Dalam perjalanan, tidak ada yang ingin terus menjadi makhluk abu-abu yang sama yang menghuni kota besar, hampir anonim seperti burung pipit yang berkerumun di antara pepohonan. Mereka ingin sedikit menonjol, bertemu orang baru, melakukan hal yang berbeda, dan pergi ke tempat yang tidak biasa mereka kunjungi.

Meskipun ini adalah kota yang hanya berjarak dua ratus kilometer dari Ibukota, masih dapat dicatat bahwa semuanya sangat berbeda. Mereka, penduduknya, mirip, mereka memiliki banyak kesamaan, tetapi mereka dapat membedakan orang luar dari jauh.

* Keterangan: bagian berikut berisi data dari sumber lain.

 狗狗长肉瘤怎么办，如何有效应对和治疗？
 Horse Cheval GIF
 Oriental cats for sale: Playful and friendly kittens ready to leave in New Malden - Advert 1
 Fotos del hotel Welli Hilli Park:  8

Orang-orang kota berjalan dengan angkuh tertentu seolah-olah mereka lebih tinggi, seolah-olah mereka tahu mereka semua dan sudah kembali. Ini adalah sikap khas penduduk kota-kota besar yang cenderung memandang rendah orang-orang di pedalaman, seolah-olah meremehkan mereka, seolah-olah mereka berasal dari planet lain.

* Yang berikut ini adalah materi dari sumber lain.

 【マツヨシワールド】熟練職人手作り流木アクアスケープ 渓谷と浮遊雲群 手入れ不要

Mereka semua mengatakan bahwa orang-orang pedalaman lebih baik, lebih polos, tanpa niat jahat atau niat bermain kotor dengan seorang musafir; Dan memang benar, itu bisa dibuktikan setiap kali kita mengunjungi suatu provinsi.

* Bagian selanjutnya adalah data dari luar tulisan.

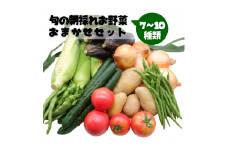 旬の朝採れお野菜おまかせセット - 野菜セット 野菜詰め合わせ 新鮮 フレッシュ 旬の野菜 朝採れ 国産 熊本県産 お任せ 何が入っているかはお楽しみ 7種類前後 おすすめ 熊本県 甲佐町【価格改定】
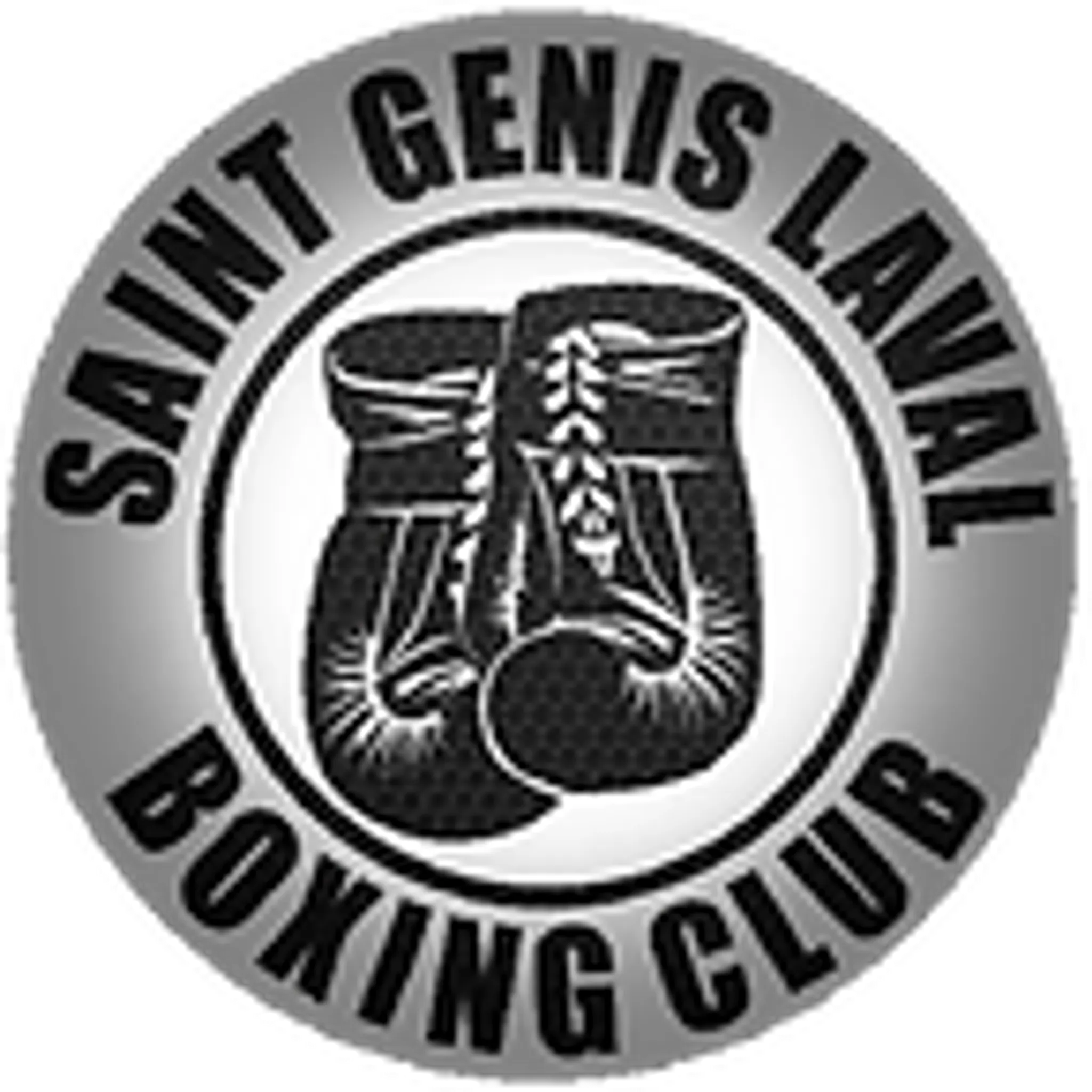 Saint Genis Laval Boxe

Anak-anak di sekolah lebih berpendidikan, mereka menerima slogan-slogan, mereka lebih menghormati guru daripada anak-anak di kota-kota besar, yang lebih tidak disiplin, lebih memberontak, kurang mau menerima aturan, terbiasa melakukan apa yang mereka inginkan.

Mereka mengatakan bahwa orang-orang pedalaman hidup seperti seratus tahun yang lalu. Beberapa tidak memiliki televisi, yang lain hanya menonton saluran udara, dan tidak terlalu banyak orang yang memiliki internet atau kabel.

Mereka hidup dengan cara yang berbeda, mereka memiliki lebih banyak waktu untuk berkomunikasi, mengunjungi kerabat, merayakan ulang tahun atau hanya untuk minum jodoh dengan tetangga yang bagi mereka seperti seseorang dari keluarga. Mereka tidak perlu mengantri, melakukan perjalanan jauh, atau menunggu giliran kemana-mana.

Hanya perjalanan yang memungkinkan Anda untuk menyadari semua hal ini. Terutama segala sesuatu yang hilang dari warga kota besar yang menderita, seperti Buenos Aires tercinta ini.